2.3 Activated carbon performance test for weathered diesel-spiked sediment

The performance of AC to treat PAHs was studied with the sediment samples with 1, 5 and 10% NAPL contents. For initial contact between AC and the diesel-spiked sediments, 100 g dry weight of sediment, 200 mL deionized water added with sea salt (Red Sea, Houston, TX, USA) to adjust the pore-water salinity to the field value (i.e., 20 ppt), and 5 g AC were placed in a 250 mL amber jar. Sodium azide was added to each jar to obtain a concentration of 1 g L^-1 to inhibit microbial activity. The jars were then rolled at 2 rpm for 28 days for contact between AC and the diesel-spiked sediments. A sample without AC addition was also prepared as a control and run in parallel.

After the contact, 90 g of the sediment slurry (30 g in dry weight) was placed in a 780 mL centrifuge jar, and 700 mL deioinized water with 20 ppt salinity and 1 g L^-1 sodium azide was added. Triplicate jars were prepared for each treatment. The centrifuge jars were rolled at 2 rpm for 14 days for equilibrium between the AC-amended sediment and the aqueous phase. The aqueous and solid phases were then separated by centrifugation, and the supernatant was sampled. The supernatant was further treated twice with the flocculation procedure described in Ghosh et al. (2000a) to ensure the removal of any colloidal and oil phases and measure the freely- dissolved aqueous concentrations of PAHs.
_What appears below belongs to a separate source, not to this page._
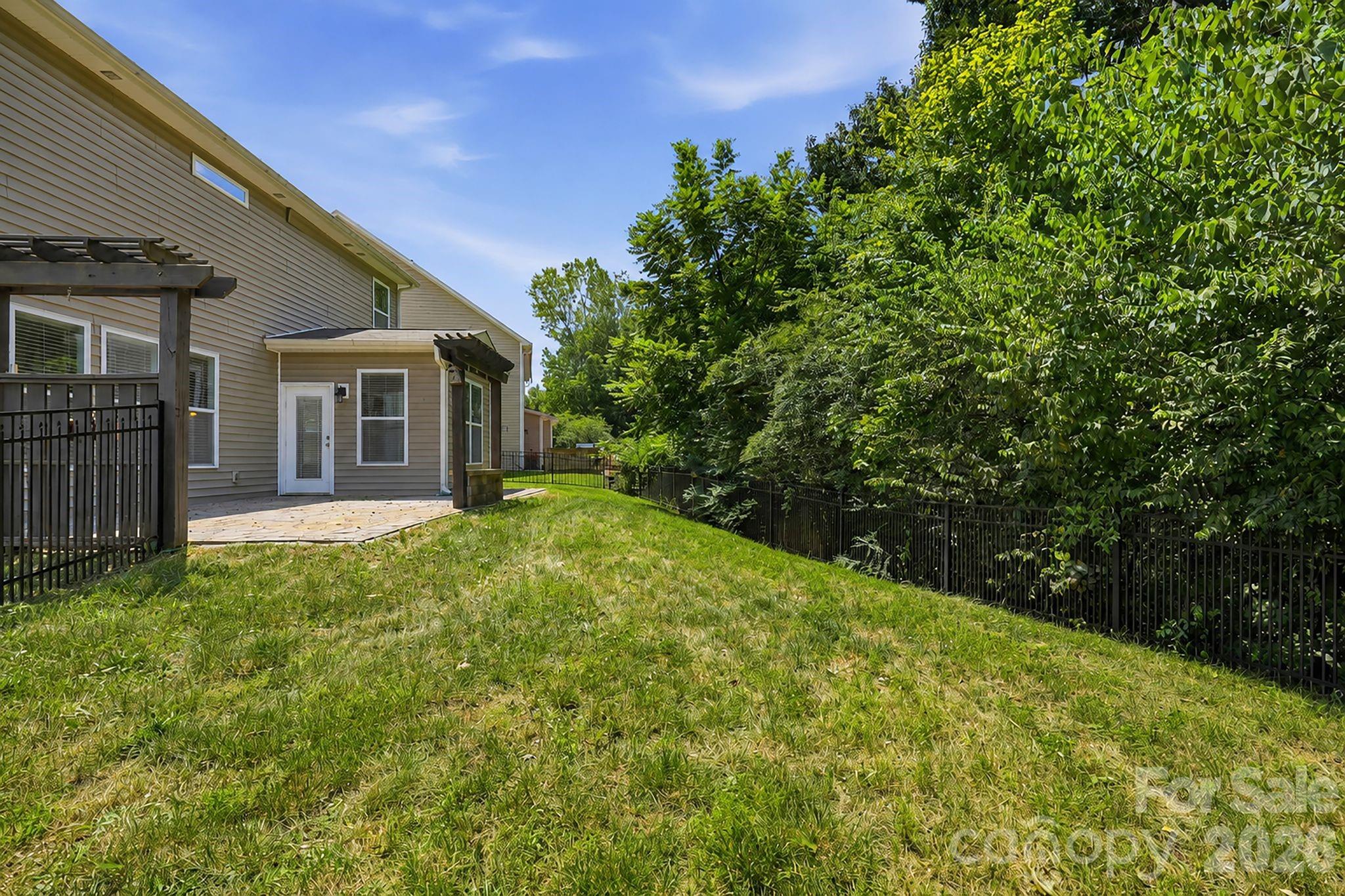 10817 Bere Island Drive — Charlotte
The PAHs in the aqueous phase were extracted by liquid-liquid extraction three times with 40 mL aliquots of hexane each.

2.4 PAH analysis

The weathered diesel diluted in cyclohexane and the aqueous phase extracts were passed through an activated silica gel column following U.S. EPA Method 3630C to remove analytically interfering species. The column eluents were concentrated to 1 mL under a gentle nitrogen stream prior to analysis.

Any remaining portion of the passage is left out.